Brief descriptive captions
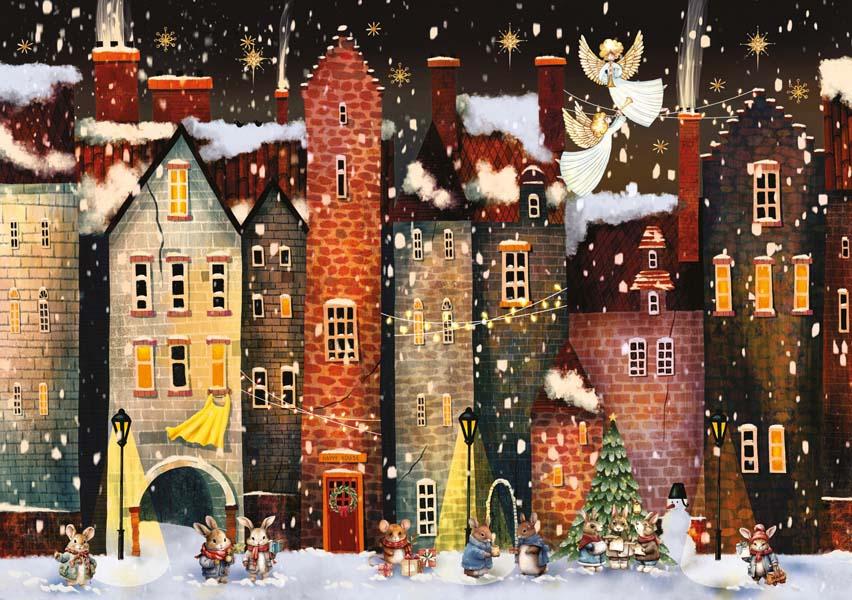 Christmas Puzzle set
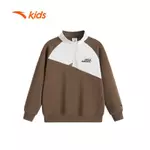 ANTA Kids Áo Dài Tay Thể Thao Bé Trai Ấm Dày, Thoải Mái Vận Động A72536714 — ảnh 7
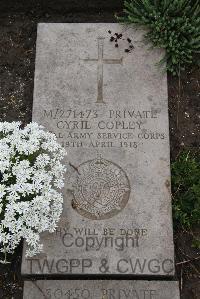 Boulogne Eastern Cemetery - Copley, Cyril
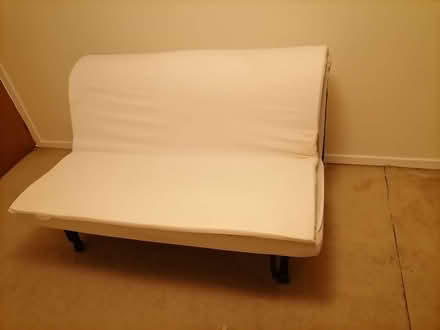 Photo of free IKEA fold out double bed/couch (Cambus FK10) #1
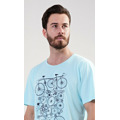 Pánské pyžamo šortky Kolo (3617246) - 2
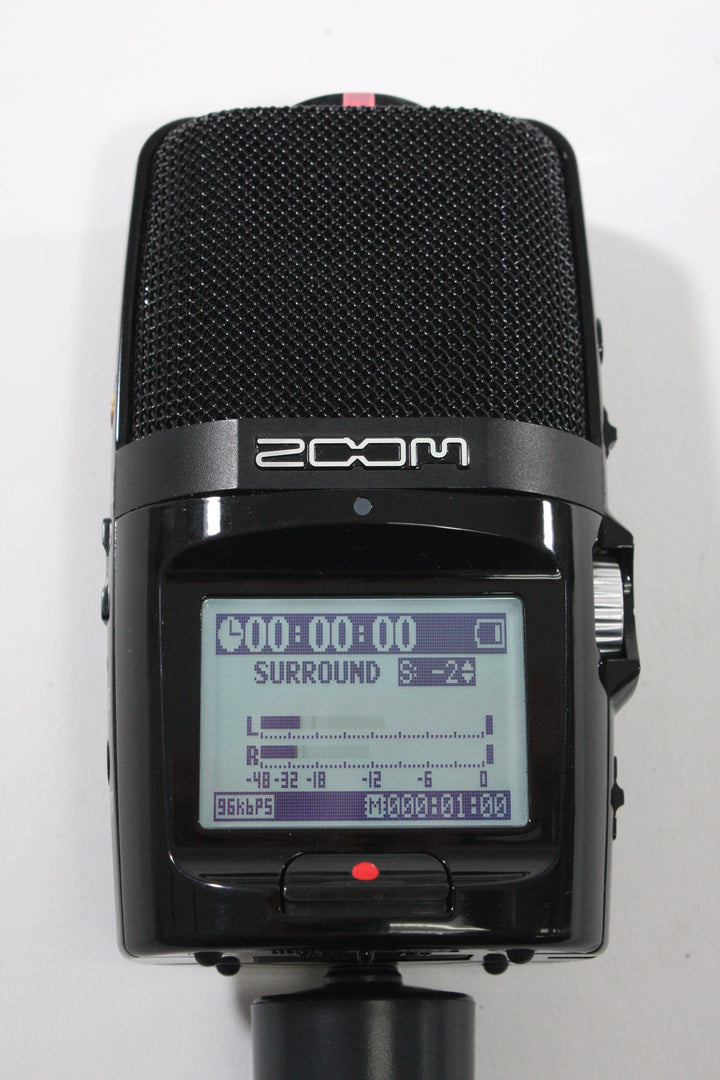 Zoom H2n Handy Recorder Audio Equipment Zoom 00384336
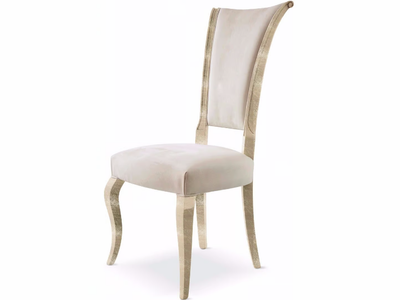 RAFFAELLO - Velvet chair high-back _ Cantori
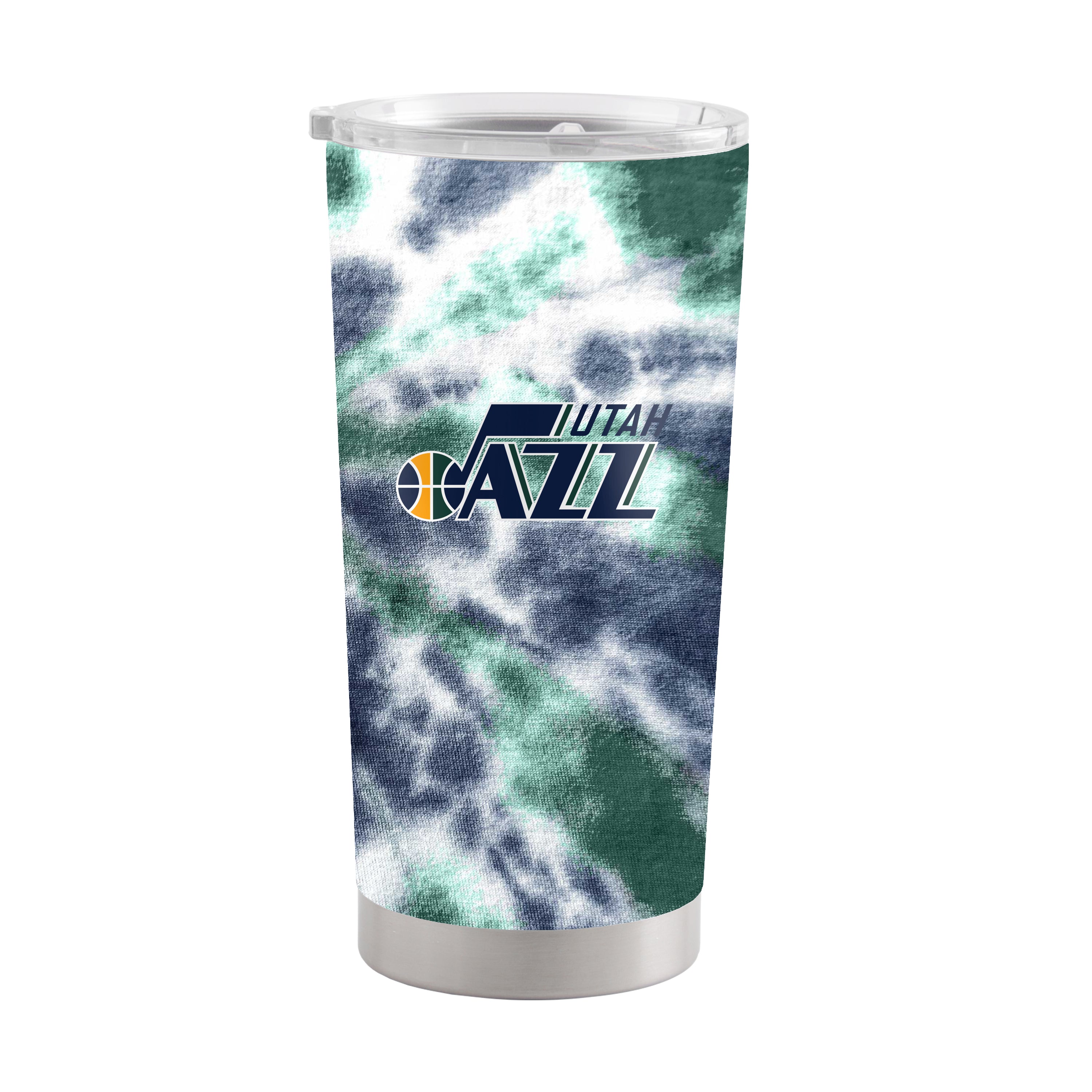 Utah Jazz 20oz Tie Dye Stainless Steel Tumbler - Sports Gifts, Sports Memorabilia, Sports Collectibles, Fan Shop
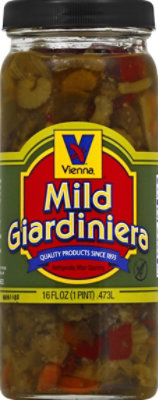 Vienna  Mild Giardiniera - 16 Oz - Image 2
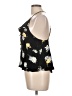 Cotton Candy LA 100% Rayon Black Sleeveless Blouse Size L - photo 5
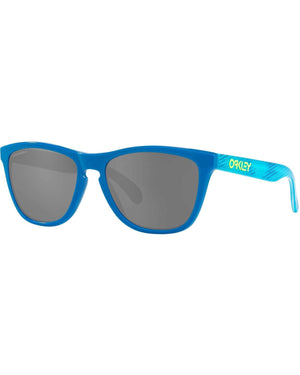 Oakley Frogskins Sunglasses (Hi Res Blue with Prizm Black) S2AS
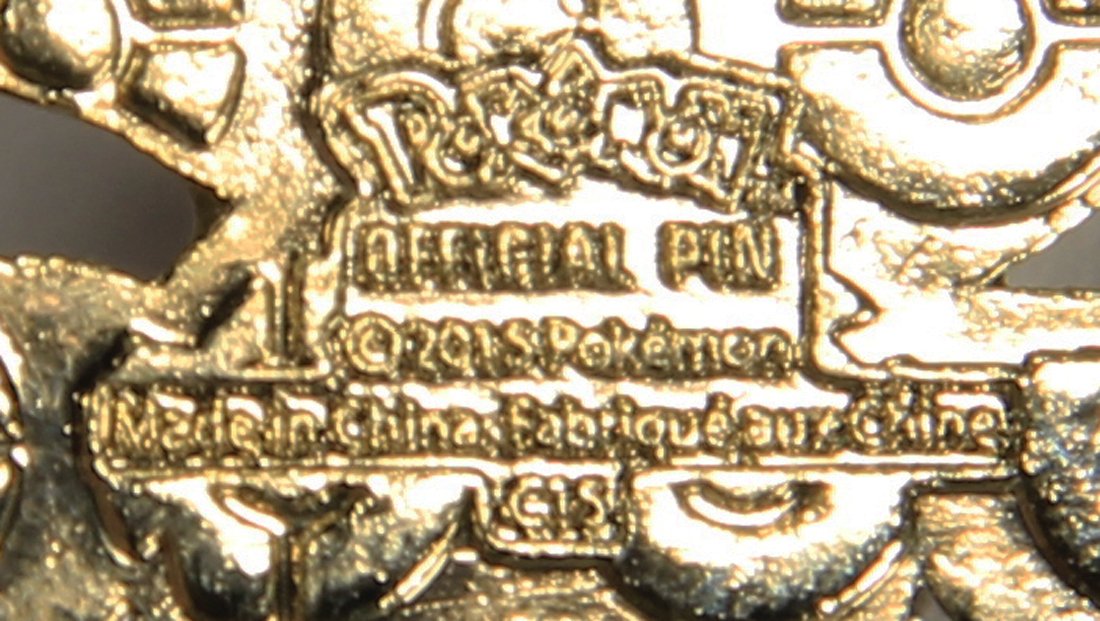 Pokémon 2015 Hoopa Official Collector's Lapel Pin L002534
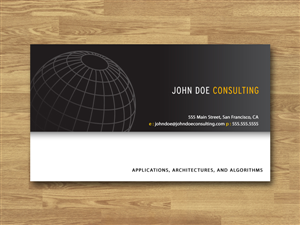 Business Card Design by Adrian P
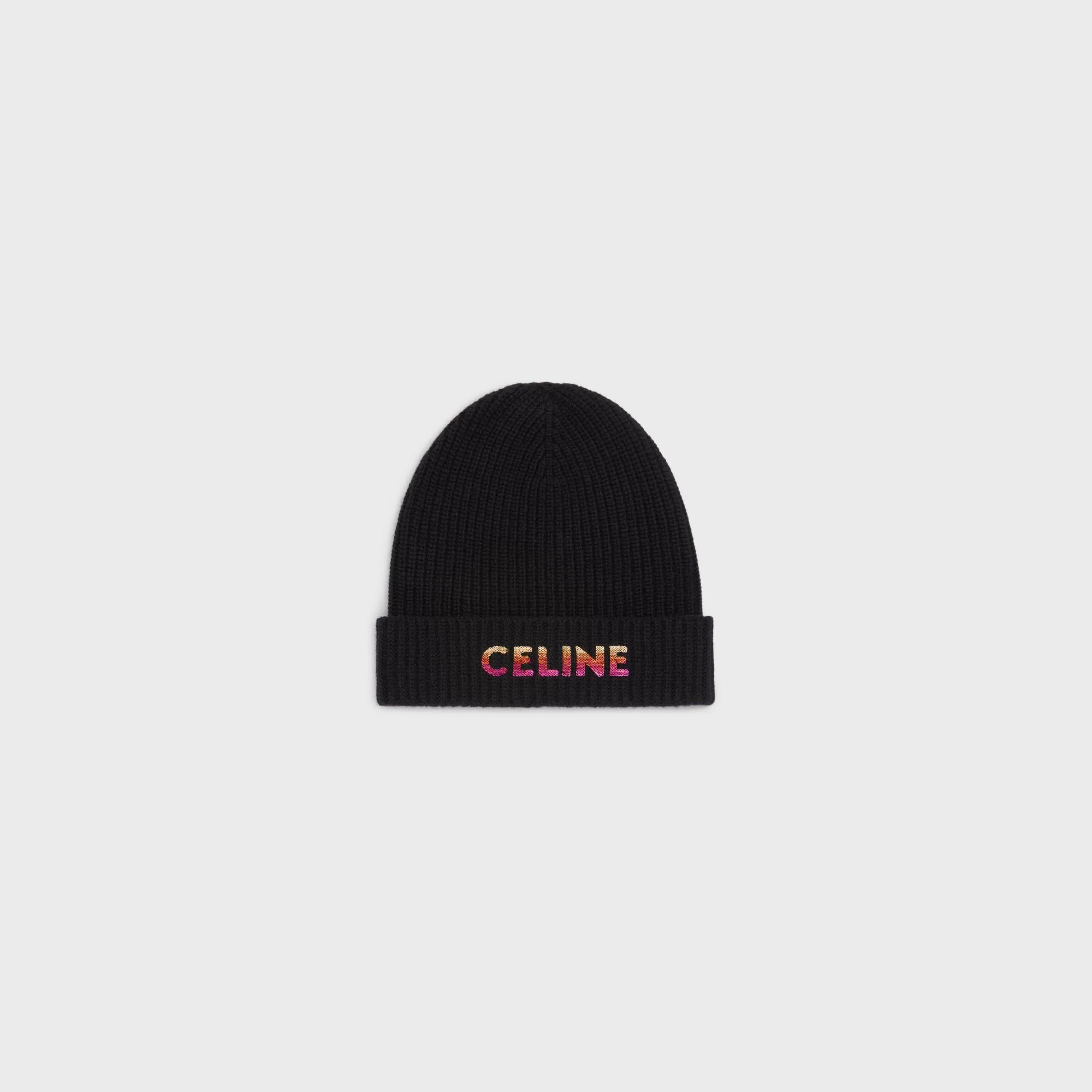 Celine Beanie - Black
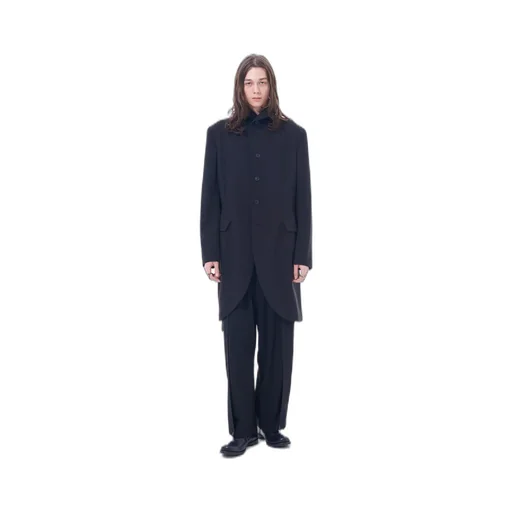 Pe/Rayon Gabardine Stretch Shawl Collar Jacket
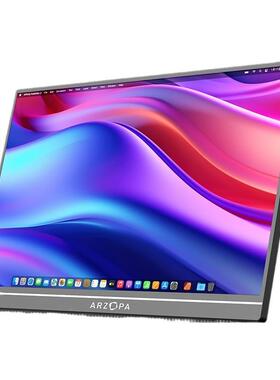 ARZOP6.1英寸144HZ高1色域便携显示副器 AIPS屏笔G1 Game 记本电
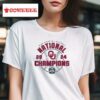 Ncaa Softball Women S College World Series Champions Oklahoma Sooners Tshirt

> **Exercise goal**: The answer is the lines above from the one with "Boulogne Eastern Cemetery - Copley, Cyril" to the one with "RAFFAELLO - Velvet chair high-back _ Cantori", set down exactly, with no pictures.

> **Solution to this exercise**:
 Boulogne Eastern Cemetery - Copley, Cyril
 Photo of free IKEA fold out double bed/couch (Cambus FK10) #1
 Pánské pyžamo šortky Kolo (3617246) - 2
 Zoom H2n Handy Recorder Audio Equipment Zoom 00384336
 RAFFAELLO - Velvet chair high-back _ Cantori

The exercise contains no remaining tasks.